For both XMM-Newton and Chandra observations, we also performed a similar exercise as above with the raw event lists (Level 1 for Chandra and ODF-level for XMM-Newton) prior to applying any standard filtering in case a bright X-ray burst was flagged as a cosmic ray. There was no evidence for any X-ray events in excess of the unfiltered background count rate.

We place a limit on the number of X-ray counts from FRB 121102 using the Bayesian method of Kraft et al. (1991). For a putative X-ray burst at the time of a detected radio burst, we can place an upper limit of 14.4 counts at a 5σ confidence limit in 0.5–10 keV. This limit is independent of duration up to the time of the nearest detected photon (see above), because the background is negligible. For an X-ray burst arriving outside of this window at any time during the observation, the background rate and trials factor depend on the assumed duration. So, we assume a duration of 5 ms, similar to that of the radio bursts, which leads to a 0.5–10 keV count limit of 32.3 counts during the XMM-Newton observations and 33.8 counts for Chandra (5σ confidence).

A count limit, ${\mu }_{\mathrm{lim}}$ can be translated to a fluence limit by dividing by a spectrally averaged effective area for the instrument, A, and multiplying by an average photon energy, E. We can also stack individual limits, under the assumption that X-ray bursts with similar spectra are emitted at the times of every radio burst.
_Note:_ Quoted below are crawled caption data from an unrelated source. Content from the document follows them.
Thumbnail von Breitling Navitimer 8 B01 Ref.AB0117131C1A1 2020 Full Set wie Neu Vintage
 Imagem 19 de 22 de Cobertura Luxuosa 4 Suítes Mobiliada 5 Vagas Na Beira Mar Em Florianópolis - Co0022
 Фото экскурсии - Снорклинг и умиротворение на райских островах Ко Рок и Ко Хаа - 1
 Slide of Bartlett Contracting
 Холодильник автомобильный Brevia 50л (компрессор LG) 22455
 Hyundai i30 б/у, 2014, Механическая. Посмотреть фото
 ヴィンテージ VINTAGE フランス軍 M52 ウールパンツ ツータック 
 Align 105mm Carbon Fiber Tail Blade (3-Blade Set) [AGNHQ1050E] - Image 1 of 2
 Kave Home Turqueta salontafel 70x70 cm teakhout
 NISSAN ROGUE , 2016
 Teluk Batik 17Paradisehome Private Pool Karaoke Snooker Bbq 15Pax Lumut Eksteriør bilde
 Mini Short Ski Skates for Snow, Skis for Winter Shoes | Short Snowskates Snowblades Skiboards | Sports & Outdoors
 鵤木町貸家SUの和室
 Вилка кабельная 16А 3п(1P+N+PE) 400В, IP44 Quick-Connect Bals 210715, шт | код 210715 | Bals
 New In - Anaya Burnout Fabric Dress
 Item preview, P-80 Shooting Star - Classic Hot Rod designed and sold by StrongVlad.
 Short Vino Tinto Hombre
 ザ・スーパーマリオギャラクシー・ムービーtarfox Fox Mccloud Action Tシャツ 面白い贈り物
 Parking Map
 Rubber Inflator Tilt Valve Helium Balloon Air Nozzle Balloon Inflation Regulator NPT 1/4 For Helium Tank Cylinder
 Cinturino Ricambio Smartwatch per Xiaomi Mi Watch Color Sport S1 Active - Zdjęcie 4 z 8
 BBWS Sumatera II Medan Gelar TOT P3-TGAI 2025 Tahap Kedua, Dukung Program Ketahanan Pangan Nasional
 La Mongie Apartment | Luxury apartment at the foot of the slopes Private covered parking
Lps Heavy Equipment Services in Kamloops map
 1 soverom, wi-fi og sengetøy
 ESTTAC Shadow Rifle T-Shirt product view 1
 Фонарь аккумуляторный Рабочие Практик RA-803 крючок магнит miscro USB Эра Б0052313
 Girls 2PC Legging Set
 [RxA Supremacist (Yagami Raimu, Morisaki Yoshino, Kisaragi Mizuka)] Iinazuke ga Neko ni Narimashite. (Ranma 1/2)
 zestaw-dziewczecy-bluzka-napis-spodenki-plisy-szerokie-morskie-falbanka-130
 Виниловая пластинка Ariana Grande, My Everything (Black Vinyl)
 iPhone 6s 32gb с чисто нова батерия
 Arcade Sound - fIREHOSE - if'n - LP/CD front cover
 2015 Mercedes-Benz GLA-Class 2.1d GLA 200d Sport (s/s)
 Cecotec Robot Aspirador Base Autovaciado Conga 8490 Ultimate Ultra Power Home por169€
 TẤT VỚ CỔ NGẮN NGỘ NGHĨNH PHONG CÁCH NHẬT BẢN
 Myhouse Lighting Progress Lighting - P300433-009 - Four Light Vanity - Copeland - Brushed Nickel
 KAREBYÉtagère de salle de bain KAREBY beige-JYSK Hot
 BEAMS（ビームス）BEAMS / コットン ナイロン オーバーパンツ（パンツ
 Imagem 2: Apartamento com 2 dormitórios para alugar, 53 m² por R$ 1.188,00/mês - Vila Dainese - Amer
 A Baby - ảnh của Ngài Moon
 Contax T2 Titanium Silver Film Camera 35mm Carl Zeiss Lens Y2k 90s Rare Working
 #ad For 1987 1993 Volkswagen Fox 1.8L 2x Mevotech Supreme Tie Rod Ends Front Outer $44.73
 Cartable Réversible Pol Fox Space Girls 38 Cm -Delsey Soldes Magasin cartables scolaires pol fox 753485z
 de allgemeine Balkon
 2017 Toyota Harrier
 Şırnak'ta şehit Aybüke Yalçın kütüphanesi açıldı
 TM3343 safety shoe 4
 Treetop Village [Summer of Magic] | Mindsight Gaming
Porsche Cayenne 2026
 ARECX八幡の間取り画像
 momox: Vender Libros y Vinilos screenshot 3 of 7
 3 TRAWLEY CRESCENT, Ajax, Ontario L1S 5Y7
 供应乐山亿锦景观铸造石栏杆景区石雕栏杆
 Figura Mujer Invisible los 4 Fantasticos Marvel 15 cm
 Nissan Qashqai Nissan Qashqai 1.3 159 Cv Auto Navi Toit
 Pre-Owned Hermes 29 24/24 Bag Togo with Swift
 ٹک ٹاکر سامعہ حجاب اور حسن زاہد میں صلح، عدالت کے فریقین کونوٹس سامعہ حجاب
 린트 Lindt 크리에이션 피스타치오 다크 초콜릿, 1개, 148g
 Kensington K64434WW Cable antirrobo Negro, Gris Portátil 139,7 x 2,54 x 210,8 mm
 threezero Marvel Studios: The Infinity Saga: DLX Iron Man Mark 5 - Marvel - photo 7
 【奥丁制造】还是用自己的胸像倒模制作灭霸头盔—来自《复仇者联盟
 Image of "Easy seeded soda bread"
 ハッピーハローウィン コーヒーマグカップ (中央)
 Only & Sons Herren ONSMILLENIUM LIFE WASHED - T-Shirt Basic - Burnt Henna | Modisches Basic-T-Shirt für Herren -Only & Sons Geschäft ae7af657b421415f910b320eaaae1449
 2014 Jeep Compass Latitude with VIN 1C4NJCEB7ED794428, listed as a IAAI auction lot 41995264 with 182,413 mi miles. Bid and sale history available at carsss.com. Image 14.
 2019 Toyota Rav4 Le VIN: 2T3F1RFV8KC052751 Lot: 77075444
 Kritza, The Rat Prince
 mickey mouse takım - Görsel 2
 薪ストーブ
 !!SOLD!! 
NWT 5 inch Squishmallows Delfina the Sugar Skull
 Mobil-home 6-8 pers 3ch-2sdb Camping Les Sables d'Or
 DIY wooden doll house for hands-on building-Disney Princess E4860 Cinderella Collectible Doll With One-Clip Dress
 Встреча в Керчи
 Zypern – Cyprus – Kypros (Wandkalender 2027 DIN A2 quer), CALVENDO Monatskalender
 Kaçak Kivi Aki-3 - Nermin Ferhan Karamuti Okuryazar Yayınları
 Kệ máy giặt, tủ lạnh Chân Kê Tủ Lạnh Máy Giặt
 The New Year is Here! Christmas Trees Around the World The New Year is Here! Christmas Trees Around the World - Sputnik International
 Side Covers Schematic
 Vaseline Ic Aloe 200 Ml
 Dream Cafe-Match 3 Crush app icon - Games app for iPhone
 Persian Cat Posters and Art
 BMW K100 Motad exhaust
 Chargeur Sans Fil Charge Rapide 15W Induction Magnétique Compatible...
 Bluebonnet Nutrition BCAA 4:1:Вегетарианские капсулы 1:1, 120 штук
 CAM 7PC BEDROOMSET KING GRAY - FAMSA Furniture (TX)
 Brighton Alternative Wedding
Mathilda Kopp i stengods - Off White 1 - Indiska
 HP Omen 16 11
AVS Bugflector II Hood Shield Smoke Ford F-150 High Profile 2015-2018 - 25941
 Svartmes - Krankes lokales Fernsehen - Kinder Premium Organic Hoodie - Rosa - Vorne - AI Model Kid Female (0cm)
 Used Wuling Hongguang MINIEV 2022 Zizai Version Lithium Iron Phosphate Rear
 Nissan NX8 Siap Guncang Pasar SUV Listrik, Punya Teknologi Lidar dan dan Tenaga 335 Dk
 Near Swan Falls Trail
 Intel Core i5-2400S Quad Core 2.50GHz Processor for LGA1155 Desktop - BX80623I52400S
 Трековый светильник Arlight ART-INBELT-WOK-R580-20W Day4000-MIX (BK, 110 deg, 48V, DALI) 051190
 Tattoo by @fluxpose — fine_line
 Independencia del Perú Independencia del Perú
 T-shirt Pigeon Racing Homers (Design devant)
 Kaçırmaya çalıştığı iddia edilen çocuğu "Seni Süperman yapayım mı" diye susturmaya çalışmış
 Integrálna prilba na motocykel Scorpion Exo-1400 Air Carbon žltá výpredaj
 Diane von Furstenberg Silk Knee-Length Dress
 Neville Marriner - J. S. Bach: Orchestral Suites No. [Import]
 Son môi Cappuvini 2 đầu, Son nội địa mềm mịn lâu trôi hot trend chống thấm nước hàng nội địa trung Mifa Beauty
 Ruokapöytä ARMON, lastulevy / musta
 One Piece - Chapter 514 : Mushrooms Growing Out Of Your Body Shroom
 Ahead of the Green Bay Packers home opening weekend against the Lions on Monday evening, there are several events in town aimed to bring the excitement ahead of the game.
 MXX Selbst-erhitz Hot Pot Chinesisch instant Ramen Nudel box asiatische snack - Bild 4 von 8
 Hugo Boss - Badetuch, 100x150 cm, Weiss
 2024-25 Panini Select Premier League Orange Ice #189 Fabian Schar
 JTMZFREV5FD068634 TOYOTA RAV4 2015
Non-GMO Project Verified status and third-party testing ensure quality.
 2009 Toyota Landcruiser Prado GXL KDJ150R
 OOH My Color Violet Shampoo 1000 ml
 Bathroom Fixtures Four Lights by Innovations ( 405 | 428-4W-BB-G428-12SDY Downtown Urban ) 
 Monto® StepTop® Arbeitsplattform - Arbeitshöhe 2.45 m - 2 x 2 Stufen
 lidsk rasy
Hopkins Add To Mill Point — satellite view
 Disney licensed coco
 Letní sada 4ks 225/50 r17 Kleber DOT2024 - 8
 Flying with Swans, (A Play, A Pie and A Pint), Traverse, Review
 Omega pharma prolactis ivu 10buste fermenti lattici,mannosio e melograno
In the case where zero counts are detected in each detector (i.e., XMM-Newton/MOS and Chandra/ACIS) and the background count rate is negligible, the count rate limit is simply ${\mu }_{\mathrm{lim}}=-\mathrm{log}(1-\mathrm{CL})$, where CL is the desired confidence level (in our case 0.9999994 for 5σ), and the fluence limit takes the form,

$$\begin{eqnarray}&&{F}_{\mathrm{lim}}=\displaystyle \frac{{\mu }_{\mathrm{lim}}}{{\displaystyle \sum }_{i}\tfrac{{N}_{i}{A}_{i}}{{E}_{i}}}.\end{eqnarray} \tag{ 1 }$$

Here, the sum is over each instrument, which have each observed simultaneously during N_i radio bursts. We read the effective area of each telescope as a function of energy from the ancillary response files for each telescope.¹⁹ Using these effective area curves, in Figure 5, we plot the limiting burst energy as a function of photon energy. Here, we derive a model-independent limit where there is an equal probability of a source photon occurring across the entire band. The 5σ confidence upper limit on the 0.5–10 keV fluence for a single X-ray burst at the time of one of the detected radio bursts is 2 × 10⁻¹⁰ erg cm⁻² for observations simultaneous with XMM-Newton and 5 × 10⁻¹⁰ erg cm⁻² for Chandra, or 3 × 10⁴⁶ erg and 6 × 10⁴⁶ erg at the luminosity distance of FRB 121102, respectively. If we additionally assume that X-ray bursts of similar fluence are emitted at the time of every radio burst (i.e., stacked as per Equation (1)), the upper limit at the time of the bursts becomes 3 × 10⁻¹¹ erg cm⁻² (4 × 10⁴⁵ erg at the source distance). The limit for an X-ray burst arriving at any time during the X-ray observations is 5 × 10⁻¹⁰ erg cm⁻² for XMM-Newton and 1 × 10⁻⁹ erg cm⁻² for Chandra for an assumed duration of 5 ms (which correspond to energy limits of 6 × 10⁴⁶ and 1 × 10⁴⁷ erg).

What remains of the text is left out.